SlimCluster icon indicating copy to clipboard operation
SlimCluster copied to clipboard

Split-brain

Open Ephron-WL opened this issue 1 year ago • 1 comments

I noticed in a 5 node cluster that when the cluster was reduced to 2 nodes, the 2 nodes continue to operate normally. This was no doubt also related to my bug fix to ensure the cluster continued to operate when it was degraded, whether or not a quorum could be established. I'm not sure whether this is a problem or not. A fundamental principle of quorum-based clusters is that if you don't have quorum you probably need to shutdown state changes because the assumption is the remaining set of nodes probably do have the quorum and should be authorative.
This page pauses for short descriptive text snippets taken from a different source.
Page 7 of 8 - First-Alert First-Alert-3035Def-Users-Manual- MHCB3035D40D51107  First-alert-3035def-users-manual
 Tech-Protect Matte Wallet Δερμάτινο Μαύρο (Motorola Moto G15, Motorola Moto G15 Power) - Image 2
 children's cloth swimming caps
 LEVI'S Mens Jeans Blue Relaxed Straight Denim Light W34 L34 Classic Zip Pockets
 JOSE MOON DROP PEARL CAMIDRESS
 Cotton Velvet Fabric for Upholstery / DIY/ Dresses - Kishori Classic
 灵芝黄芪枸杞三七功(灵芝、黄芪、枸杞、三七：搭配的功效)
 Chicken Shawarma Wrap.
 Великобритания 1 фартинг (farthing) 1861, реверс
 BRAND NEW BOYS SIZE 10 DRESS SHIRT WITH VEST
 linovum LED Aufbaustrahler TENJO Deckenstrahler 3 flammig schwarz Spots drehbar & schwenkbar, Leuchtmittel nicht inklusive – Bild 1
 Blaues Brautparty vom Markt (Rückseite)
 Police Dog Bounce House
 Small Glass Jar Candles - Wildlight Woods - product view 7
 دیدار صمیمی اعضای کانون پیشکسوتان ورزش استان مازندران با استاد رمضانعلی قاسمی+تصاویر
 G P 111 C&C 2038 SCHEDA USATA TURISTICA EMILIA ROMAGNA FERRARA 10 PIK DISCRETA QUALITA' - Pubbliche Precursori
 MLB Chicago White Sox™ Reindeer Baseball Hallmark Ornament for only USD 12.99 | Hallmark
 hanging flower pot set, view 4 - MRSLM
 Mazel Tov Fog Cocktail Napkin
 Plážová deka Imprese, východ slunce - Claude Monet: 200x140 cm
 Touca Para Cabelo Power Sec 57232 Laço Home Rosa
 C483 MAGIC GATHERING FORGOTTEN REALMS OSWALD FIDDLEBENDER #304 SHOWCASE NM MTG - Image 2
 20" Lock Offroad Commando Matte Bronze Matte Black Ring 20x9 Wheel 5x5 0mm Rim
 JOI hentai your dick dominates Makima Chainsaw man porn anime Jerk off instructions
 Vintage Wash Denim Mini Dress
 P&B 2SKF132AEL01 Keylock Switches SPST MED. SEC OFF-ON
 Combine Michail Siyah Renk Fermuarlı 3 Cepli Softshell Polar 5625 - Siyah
Would it be reasonable to stop serving API calls if the member count falls below a quorum?

Ephron-WL avatar Jan 16 '25 01:01 Ephron-WL

Yes, I agree. The cluster should go into some error/undefined state. That state should then inform the user code to either stop serving requests or continue - ideally this could be a setting to let users decide depending on their use cases. Sometimes it would be okay to serve request (read only) with the caveat that the reduced cluster state might be stale (split brain). For other use cases the users reads if stalled could not be acceptable. In either case the cluster write/mutating state if cluster is in error/undefined state could fail all these requests (there is no quorum).

Also pleased see my comment on your PR #28 as I think one change is related and perhaps not desired.

zarusz avatar Jan 16 '25 22:01 zarusz